But wait a second. Are we saying that you should have overhang, even with bare feet? Yes. You will need overhang to be able to apply leverage to your edges and to get the most out of your board. 1/2 inch to 3/4 inch of boot overhang for both toe and heel is ideal, and will not create problematic toe or heel drag. Remember that boots typically add 1/2 at both the toe and heel to your foot measurement from above, due to padding, insulation and the outer boot materials. We do not suggest using the boot length to size boards though, as the extra padding etc, cannot be used well to create leverage, that has to come from your foot itself. We highly recommend that riders do not choose boards where their feet do not come to or exceed the real board width.

OK, that's all well and good, but where can you get the information on board width at the inserts if the manufacturers don't provide it?

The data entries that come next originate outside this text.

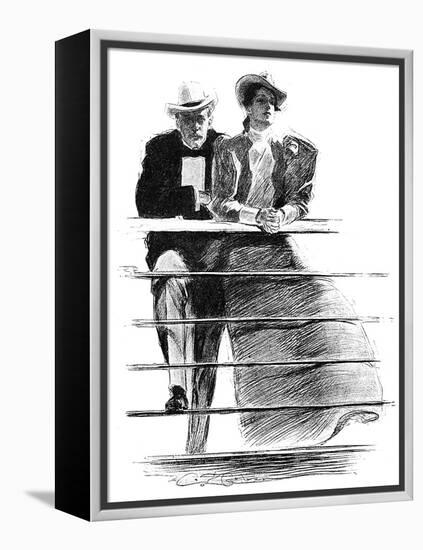Couple, 1897-Charles Dana Gibson-Framed Premier Image Canvas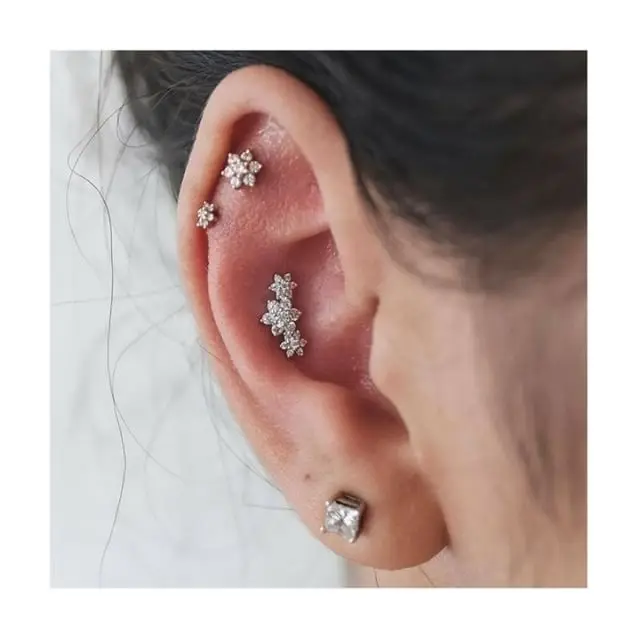 Милые носки с цветочным рисунком серьги стержни для Многослойные пышные платья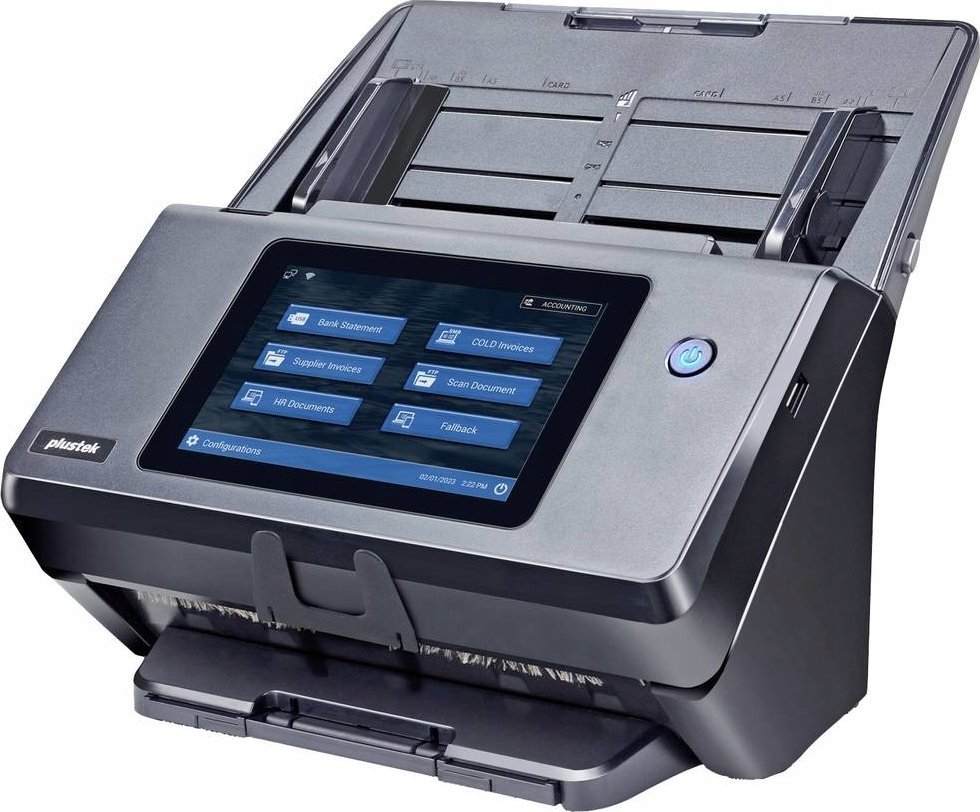 Skaner dokumentesh Plustek eScan A450 Pro, profesional, rrjet, gri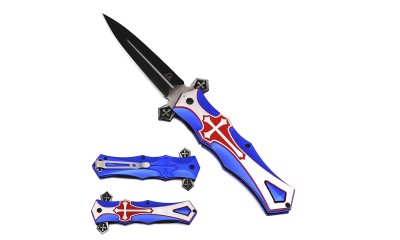 Falcon 9" Spring Assisted Knife KS5440BLR Falcon 9" Spring Assisted Knife KS5440BLR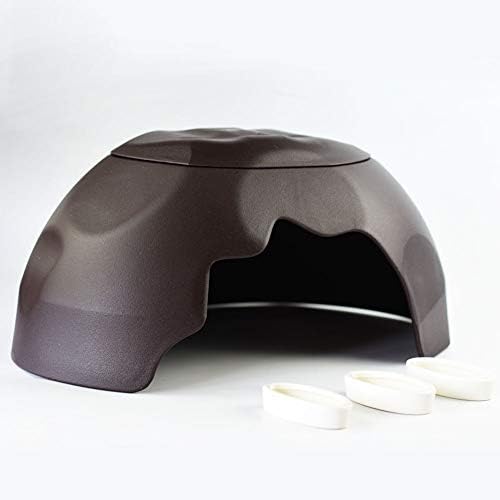 omem reptiles house with ceramic sink terrarium hide, view 9
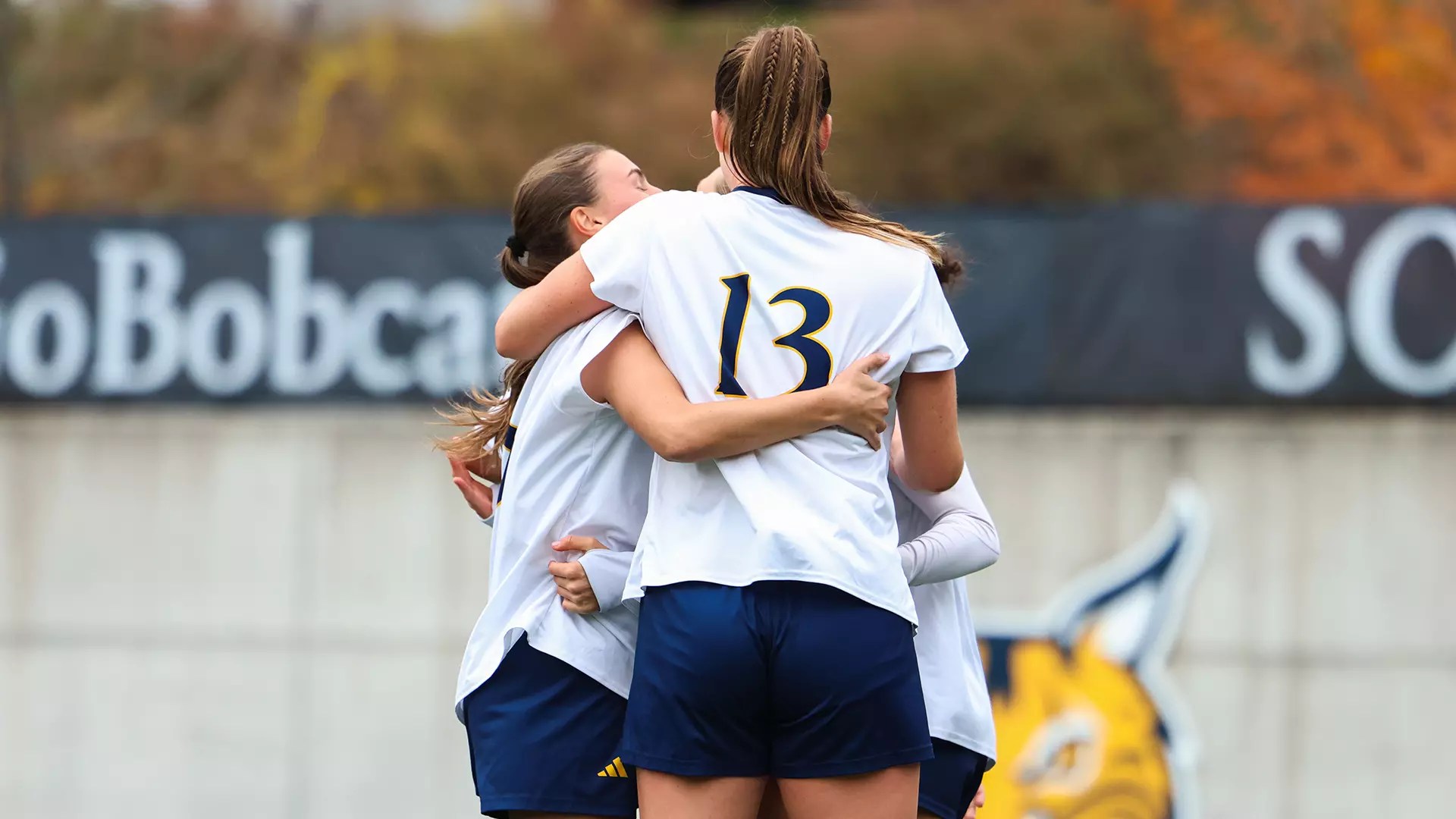 Senior forward Megan Cupo celebrates (Photo courtesy of Quinnipiac Athletics)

That's easy. Email the store that carries the board(s) that you are considering. Give them your foot length in cm (and your stance width and angles if you know them). They will be able to provide you with the width at the inserts that you will be using and can factor in your stance angle as well to get you the exact overhang that you will have with bare feet.

PS:

Once mounted, the best way to test is to put your (tightly laced) boots into your bindings and strap them in tightly. It is important that you have the heel pulled all the way back into the bindings heel cup or the test won’t help. On a carpeted floor place your board flat on its base. Kneel behind the heelside edge and lift that edge so that it rests on your knees and so that the toeside edge is angled down into the carpet. Now press down with both hands using firm pressure, one hand on each of the boots. This will compress the board's sidecut and simulate a turn on hard snow. You can change the angle of the board on your knees to become progressively steeper and you will be able to see at what angle you will start getting toe drag. You will want to repeat the test for your heelside as well. If you are not getting drag at normal turn and landing angles, then you are good to go.

PPS:

Also a note about boots: Boot design plays a big role in toe drag as does binding ramping and binding base height. Boots that have a solid bevel at the toe/heel drag less. Many freestyle boots push for more surface contact and reduce bevel. This helps with contact, but if you have a lot of overhang with those boots it hurts in terms of toe drag.

Now go ride!*


----------



## Kyle0503 (Mar 4, 2011)

I ware size 12 and have a regular board with a waist of 255. No problems with toe or heel drag at all. Not all regular boards are the same width i would not go any smaller then 255 waist IMO


----------



## Shocktroop531 (Aug 3, 2010)

size 13. I only ride wide boards and often find myself wishing they were even wider


----------



## Capita_steez (Jan 6, 2021)

fortysix&2 said:


> I wear size 12/mondo 30. I've done the following:
> 
> 1. Palmer plates and Burton risers. They did eliminate any toe/heel drag. However, they cost $, and I have several boards in the quiver. Pain in the butt to switch out, too. I've also had problems with screws coming loose (even w/lock tight). I finally gave up and tried...
> 
> ...


what exactly are T9’s?


----------



## Radialhead (Jan 3, 2018)

Capita_steez said:


> what exactly are T9’s?


He's not a member anymore so won't reply. How did you even find an 11 year old post?


----------



## Capita_steez (Jan 6, 2021)

Radialhead said:


> He's not a member anymore so won't reply. How did you even find an 11 year old post?


 Uhmm google


----------